_WHAT TO DO_
Would you please repeat, word for word, only the lines from the one holding "Amazon transfronterizo de" through the one holding "Vintage Hand Painted" in the material below, without the pictures?

_GIVEN RECORDS_
§

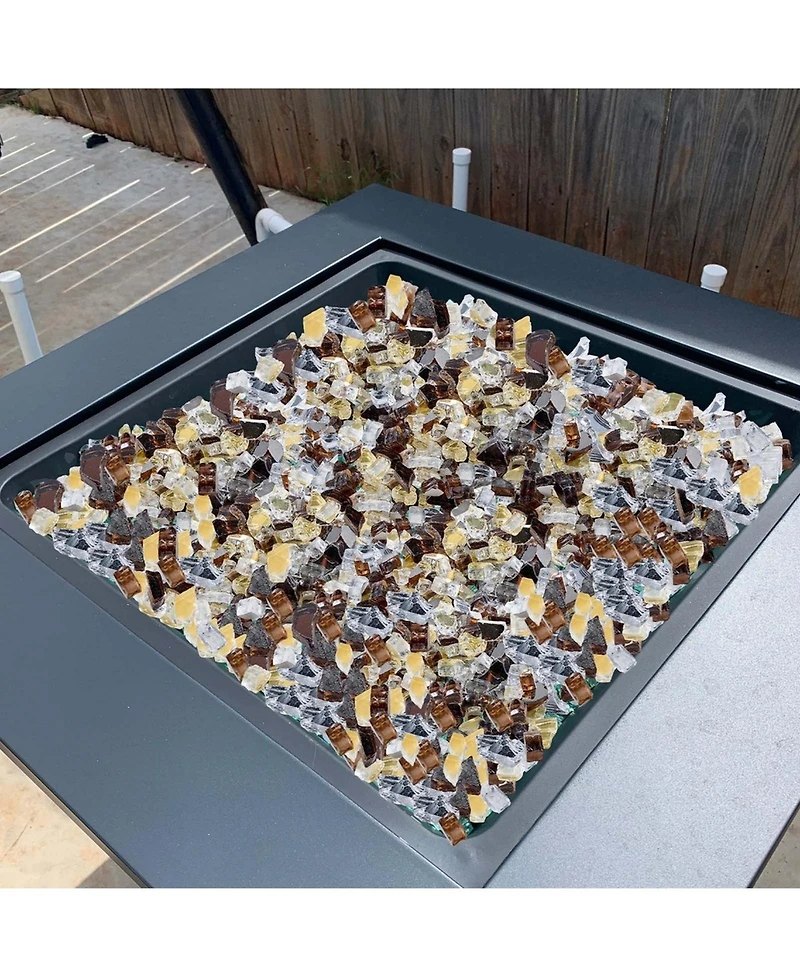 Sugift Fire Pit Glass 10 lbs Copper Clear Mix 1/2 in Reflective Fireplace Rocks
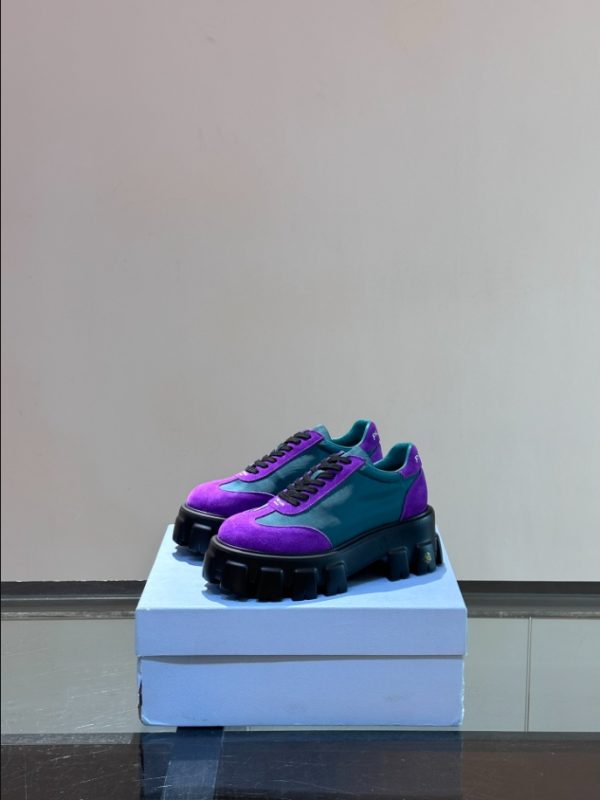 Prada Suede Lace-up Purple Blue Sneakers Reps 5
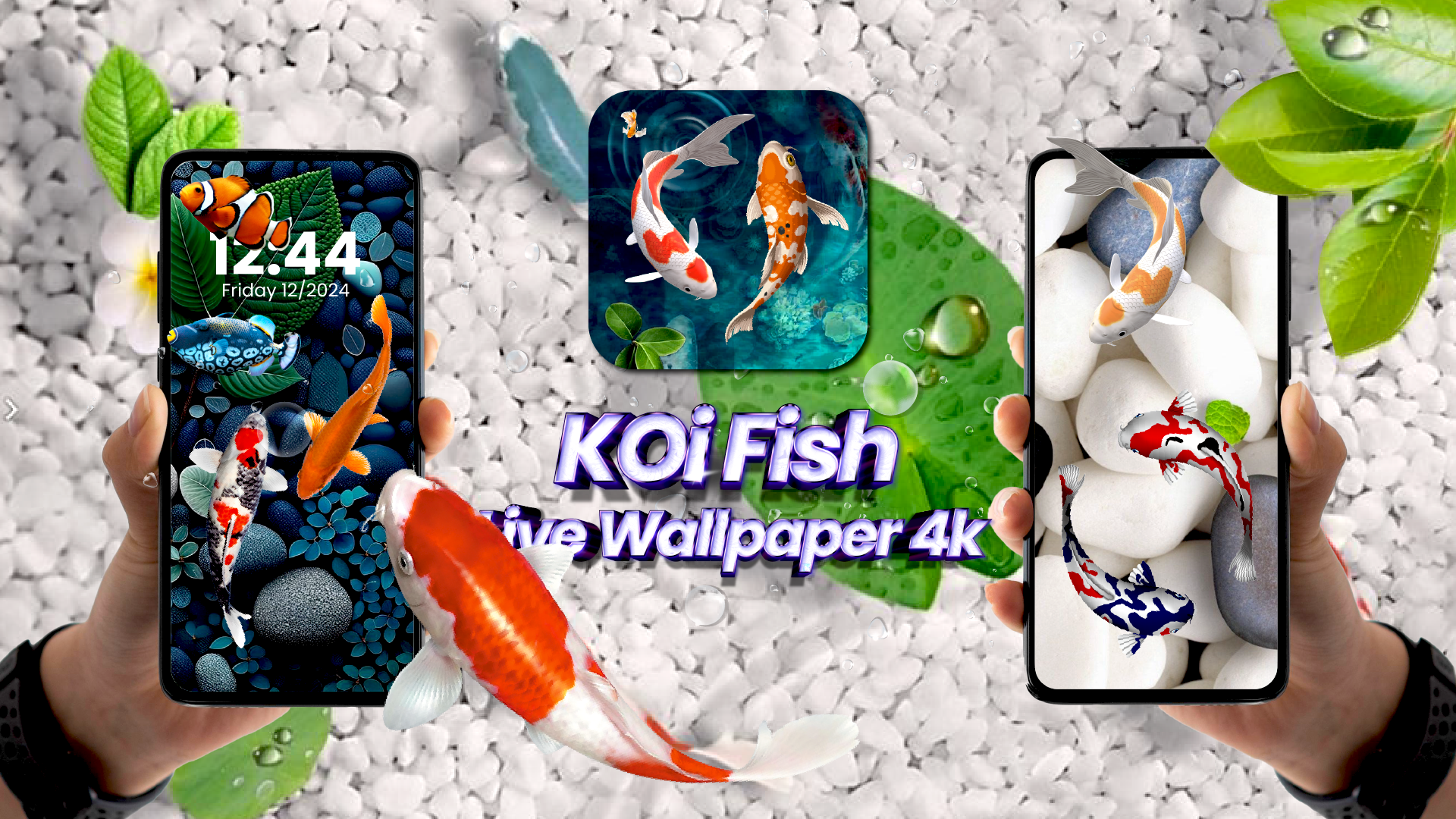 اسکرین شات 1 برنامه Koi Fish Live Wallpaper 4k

§

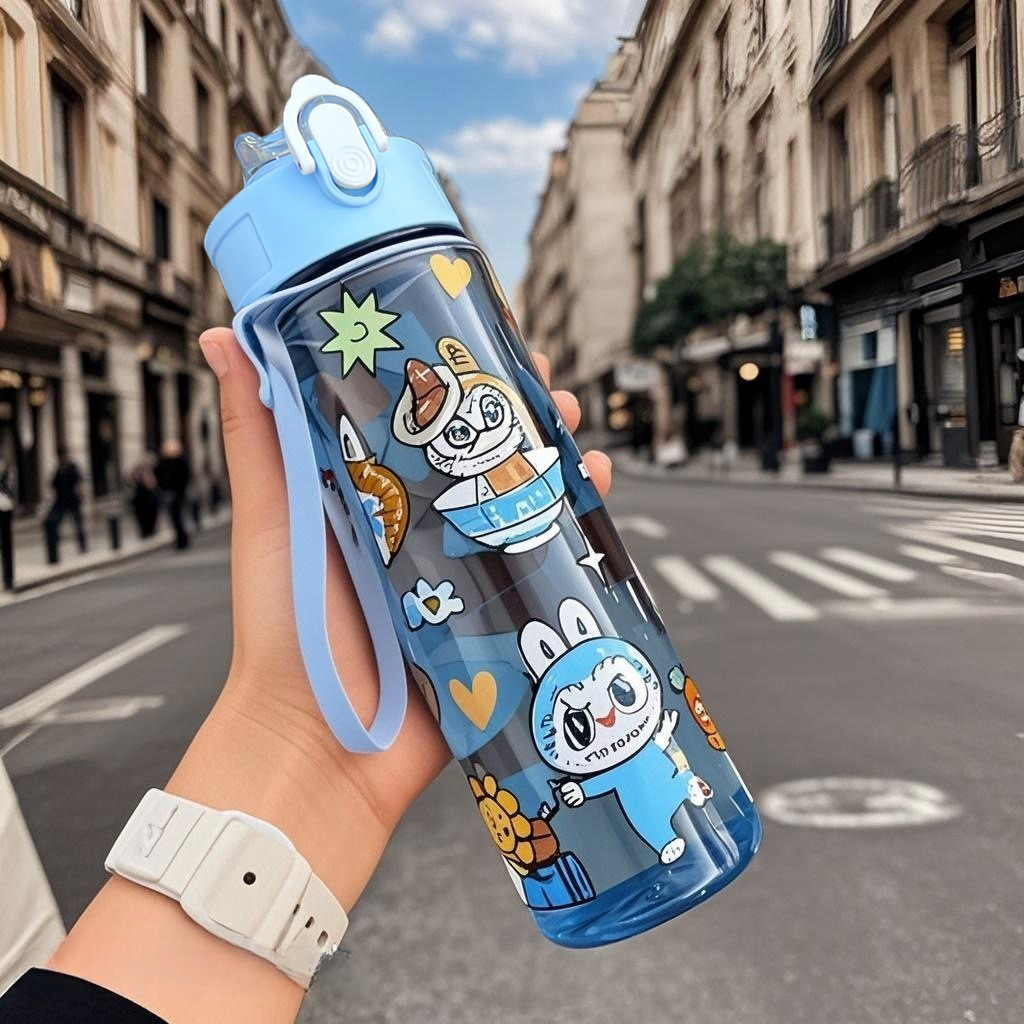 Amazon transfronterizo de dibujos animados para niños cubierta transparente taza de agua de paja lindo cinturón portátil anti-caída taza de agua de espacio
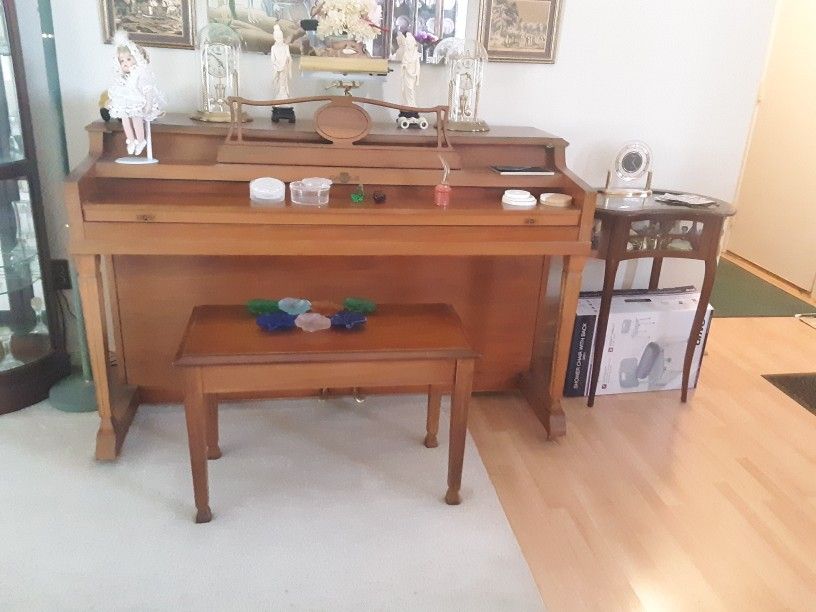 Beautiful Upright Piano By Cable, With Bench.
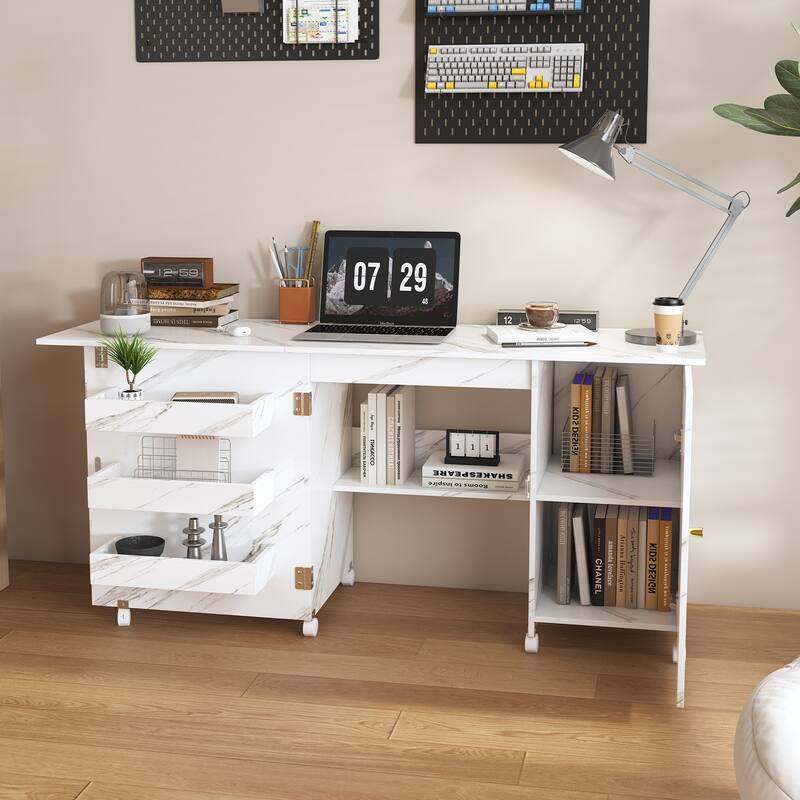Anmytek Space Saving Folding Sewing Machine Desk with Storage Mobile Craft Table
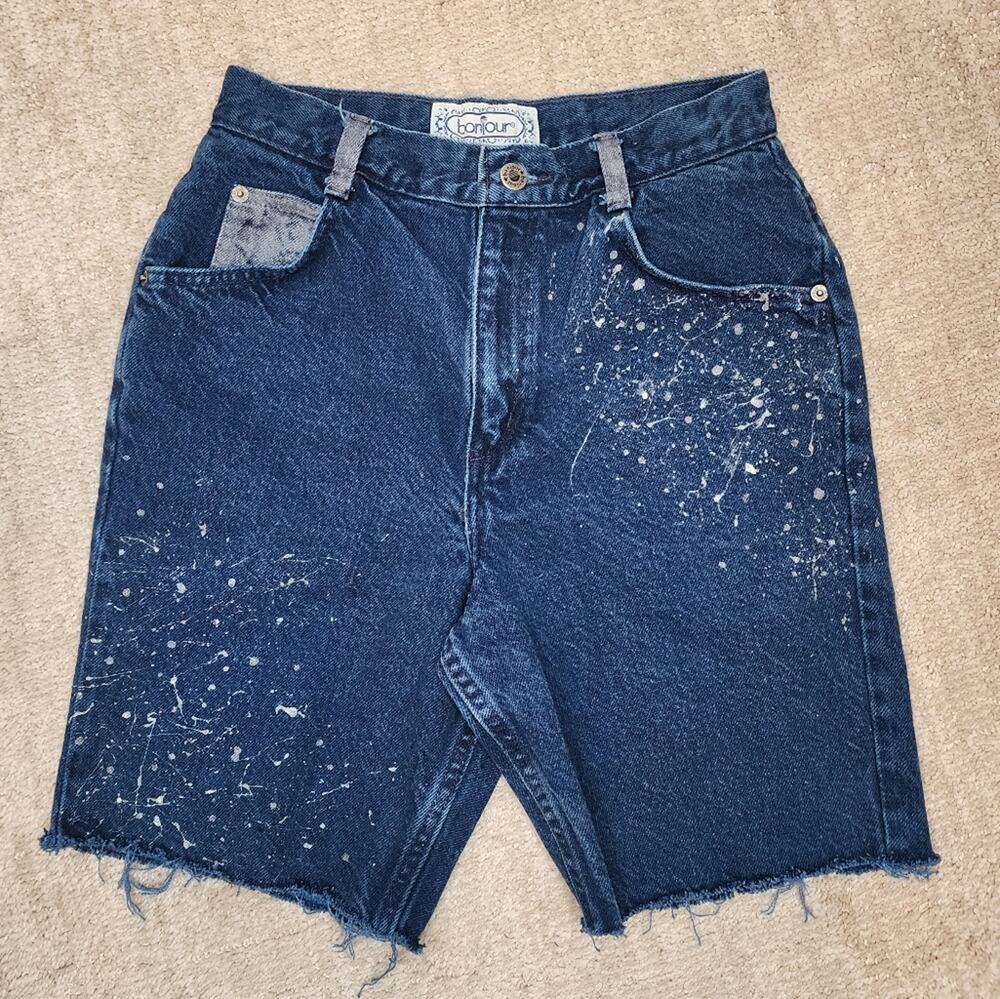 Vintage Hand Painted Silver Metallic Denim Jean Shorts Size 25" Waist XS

§

_RESULT OF THE EXERCISE_
 Amazon transfronterizo de dibujos animados para niños cubierta transparente taza de agua de paja lindo cinturón portátil anti-caída taza de agua de espacio
 Beautiful Upright Piano By Cable, With Bench.
Anmytek Space Saving Folding Sewing Machine Desk with Storage Mobile Craft Table
 Vintage Hand Painted Silver Metallic Denim Jean Shorts Size 25" Waist XS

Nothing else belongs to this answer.